Священник некоторое время молчал. Потом сказал довольно насмешливо:
– Ведь ты же не осуждаешь тетку Осхильд так уж строго…
– Одно дело – мужчина, другое – женщина! Я помню тот последний раз, когда они приезжали сюда, в Хюсабю, и с ними был господин Бьёрн. Мы сидели здесь у очага, с матерью и с теткой, а господин Бьёрн играл им на гуслях и пел… Я стоял у его колен… Вдруг дядя Борд окликнул ее… Он уже лежал в кровати и хотел, чтобы фру Осхильд тоже шла спать… и произнес такие бесстыдные, похабные слова… Тетка встала, и господин Бьёрн тоже; он вышел из горницы, но прежде они переглянулись… Да, я подумал потом, когда настолько вырос, чтобы понимать… очень может быть, что это правда… Я вымолил позволение посветить господину. Бьёрну и проводить его до клети, где он должен был спать, но не посмел… не посмел и спать в большой горнице… Я убежал и улегся со слугами в людской… Боже мой, Гюннюльф… да ведь с мужчиной никогда не может случиться того, что, разумеется, произошло в тот вечер с Осхильд! Нет, Гюннюльф! Убить женщину, которая… Разве только я застал бы ее с другим…
Но ведь он же убил женщину! Однако это Гюннюльф не был в состоянии сказать своему брату. И вот священник спросил холодно:
– Значит, тогда неправда и то, что Элина была тебе неверна?

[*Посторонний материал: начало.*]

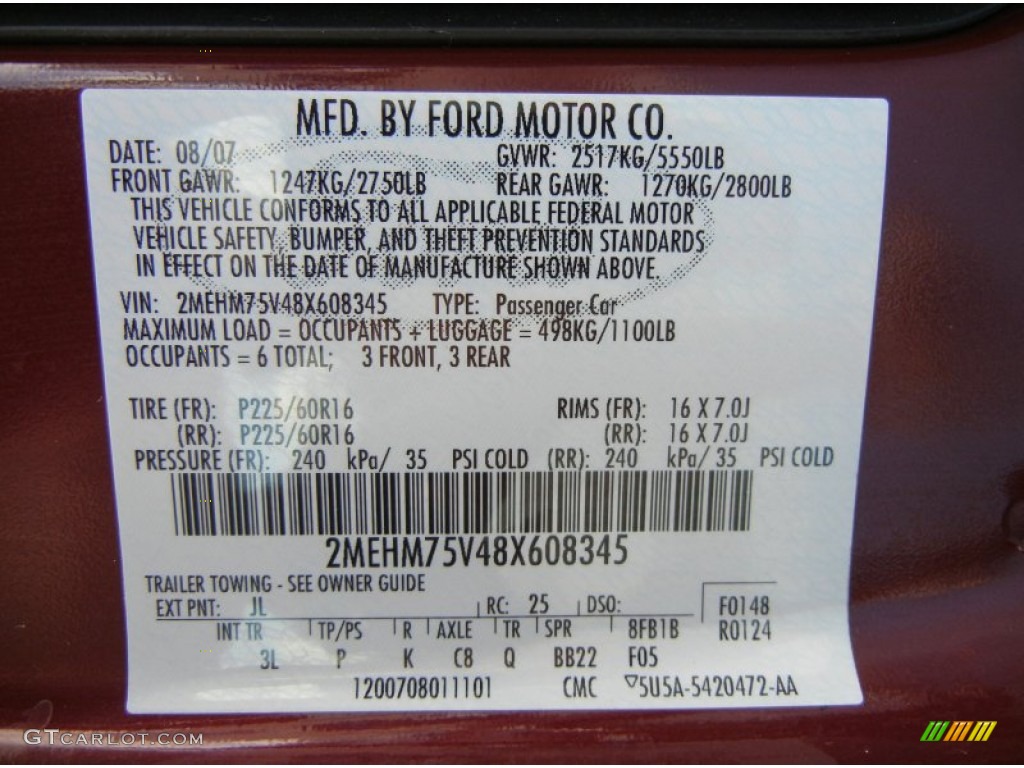 2008 Grand Marquis Color Code JL for Dark Toreador Red Metallic Photo #56124369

– Неверна! – Эрленд резко повернулся к брату и сказал с жаром: – Что же, ты считаешь, я могу упрекать ее за связь с Гиссюром… после того, как то и дело давал ей понять, что теперь между нами все кончено?
Гюннюльф понурил голову.
– Да! Пожалуй, ты прав! – сказал он тихо и устало. Но, получив эту небольшую уступку, Эрленд вскипел. Высоко вскинув голову, он взглянул на священника:
– Что-то ты слишком заботлив к Кристин, Гюннюльф. Как ты ходил за ней по пятам всю весну… Едва ли не больше, чем пристало брату и священнику! Похоже на то, что ты как будто приревновал ее ко мне!.. Не будь она в таком положении, когда ты впервые увидел ее, люди, чего доброго, могли подумать…
Гюннюльф посмотрел на него. Вне себя от взгляда брата, вскочил Эрленд на ноги – и Гюннюльф тоже поднялся. Он по-прежнему не спускал с него взора, и тогда Эрленд кинулся на него со сжатыми кулаками. Священник схватил его за руки. Эрленд хотел было сбить брата с ног, но Гюннюльф даже не шелохнулся.
Эрленд сейчас же остыл.
– Мне следовало бы помнить, что ты священник, – сказал он тихо.

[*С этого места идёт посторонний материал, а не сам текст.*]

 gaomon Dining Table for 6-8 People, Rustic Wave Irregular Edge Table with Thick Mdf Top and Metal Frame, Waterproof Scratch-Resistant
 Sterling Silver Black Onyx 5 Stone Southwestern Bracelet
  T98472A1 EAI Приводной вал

– Как видишь, тебе не придется раскаиваться, – сказал Гюннюльф усмехнувшись. Эрленд стоял, потирая кисти рук.
– Да, у тебя всегда была чертовская силища в руках…
– Это все равно как когда мы были мальчиками. – Голос Гюннюльфа стал удивительно мягким и ласковым. – Я часто вспоминал в те годы, которые провел вдали от дома, о том времени, когда мы были мальчиками. Мы частенько ссорились, но это никогда не длилось долго, Эрленд!
– Теперь, Гюннюльф, – сказал его брат печально, – уже никогда не будет так, как когда мы были мальчиками.
– Да, – тихо ответил священник. – Пожалуй, не будет…
Долго они стояли молча. Наконец Гюннюльф сказал:
– Ну, Эрленд, я уезжаю. Схожу к Эйливу и прощусь с ним, а потом уеду. Да, я съезжу к священнику в Оркедал, но я не поеду в Нидарос, пока она там. – Он усмехнулся.
– Гюннюльф!.. У меня и на уме этого не было… Не уезжай от меня так…
Гюннюльф продолжал стоять. Он вздохнул раза два, потом сказал:
– Ты должен узнать обо мне одну вещь, Эрленд… раз ты уж знаешь, что мне известно все о тебе… Садись!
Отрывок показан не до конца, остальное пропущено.